Yeah, maybe Cox retired or his funder (Reason Foundation) decided to drop him? I can find him writing nonsense as late as 2019.

I finally remembered the third anti-rail hack writer -- Joel Kotkin. I suspect he was influenced by Cox, who he worked with personally. Unlike Cox and O'Toole, Kotkin is less dishonest. He actually does have expertise in geography, and his history and urban planning papers are defensible and have honest citations although he's got a sort of pro-suburbia fanaticism. But when he gets onto rail, his intellectual standards appear to fall out of his head -- possibly because Kotkin collaborates with Cox directly, and Cox is very dishonest.


----------



## 87YJ

You have to near "fill" the trains you have to get expansion to new lines(sadly the way it works). BUT first you need to have them on time! The SL has been on average so late the last month it could be a freight train. If there are laws saying Amtrak first, where are the lawyers??? 
Get on ASMAD and check the #1 sunset for the last 45 days average. Then want to ride it to make it from MRC to OKJ.


----------



## neroden

Sooooo, there are some studies -- I do not have the citations on hand -- which show that people judge trip time by a 10th percentile or 5th percentile rubric. So with the 5th percentile rubric, if 1% of the trips take 12 hours, people blow it off as a one-time event -- but if 5% of the trips take 12 hours, they treat it as taking 12 hours, even if most of the trips take 4 hours.

This means that if there's variability in trip time -- like there is with Amtrak due to corrupt freight rail companies causing delays -- people mentally judge the trip time by the worst 5% of trips. All of you rail travellers can probably confirm that this is how you think, though there's probably some variation in whether it's worst-5% or worst-10%.

This means that on-time performance is, in many ways, far more important than scheduled trip time, in terms of perceived trip time, and therefore customer acceptance and customer demand.

I believe that the purported distinction between "corridor" trains and "long-distance" trains is essentially bogus, and I would classify the NY-Pittsburgh-Chicago corridor, the NY-Albany-Buffalo-Chicago corridor, the Chicago-Denver corridor, the NY-Miami corridor, and the NY-New Orleans corridor, and the Chicago-Minneapolis-Fargo corridor, as corridors.

The Salt Lake to Bay Area route probably doesn't qualify as a corridor, and the same with the Eugene to Sacramento route, and the same with the cross-Rockies portion of the Empire Builder and the Raton Pass section of the Southwest Chief, and the desolate sections of the Sunset Limited between San Antonio and Tucson. Call these outliers "system connectivity routes", perhaps. These all have the characteristic that there's a severe absence of intermediate population centers. A corridor, in my opinion, has decent-sized cities located less than two hours apart.

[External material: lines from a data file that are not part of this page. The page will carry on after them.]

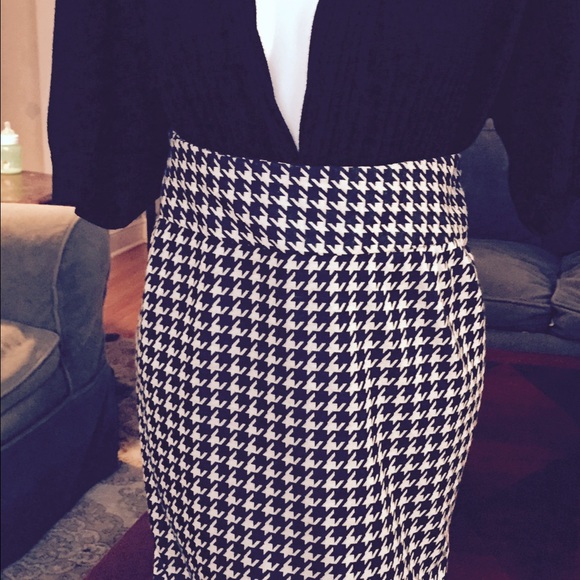 Flattering plus size pencil skirt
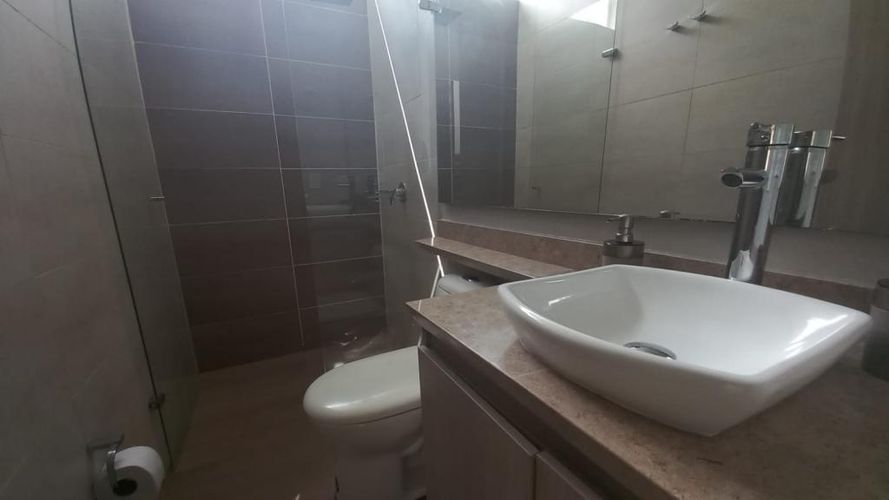 Casa de 4 alcobas en venta en Girardot, Girardot, 220 m² · foto 8 de 24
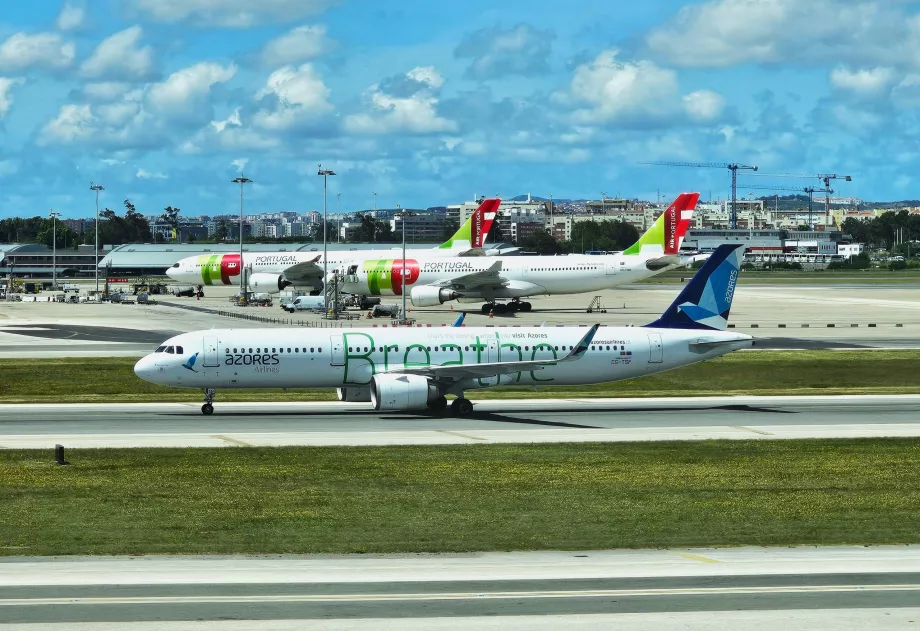 Azores Airlines, Airbus A321 di Lisbon dengan tanda "Breathe"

But most of the so-called long-distance routes are corridors. The problems with these corridors right now are that (a) they are not running on time, and (b) they are not fast enough even when running on time (even between intermediate cities -- we're not talking end-to-end), so they are not working as corridors right now. They also (c) don't have enough frequencies per day, but I think that is largely due to (a) and (b). I think the top priority for "corridor development" should be the Lake Shore Limited because it interconnects the Northeastern network with the Chicago-centered network, so it has the maximum benefit in terms of the synergies caused by network effects.


----------



## MARC Rider

neroden said:


> I think the top priority for "corridor development" should be the Lake Shore Limited because it interconnects the Northeastern network with the Chicago-centered network, so it has the maximum benefit in terms of the synergies caused by network effects.


Another priority might be to better connect the other parts of the NEC (i.e. Philadelphia and Washington) with Chicago via Pittsburgh, although this is more difficult because crossing the mountains really slows things down and finding the funding to rebuild the lines for faster operation across the mountains would be really difficult.


----------



## Cal

MARC Rider said:


> Another priority might be to better connect the other parts of the NEC (i.e. Philadelphia and Washington) with Chicago via Pittsburgh, although this is more difficult because crossing the mountains really slows things down and finding the funding to rebuild the lines for faster operation across the mountains would be really difficult.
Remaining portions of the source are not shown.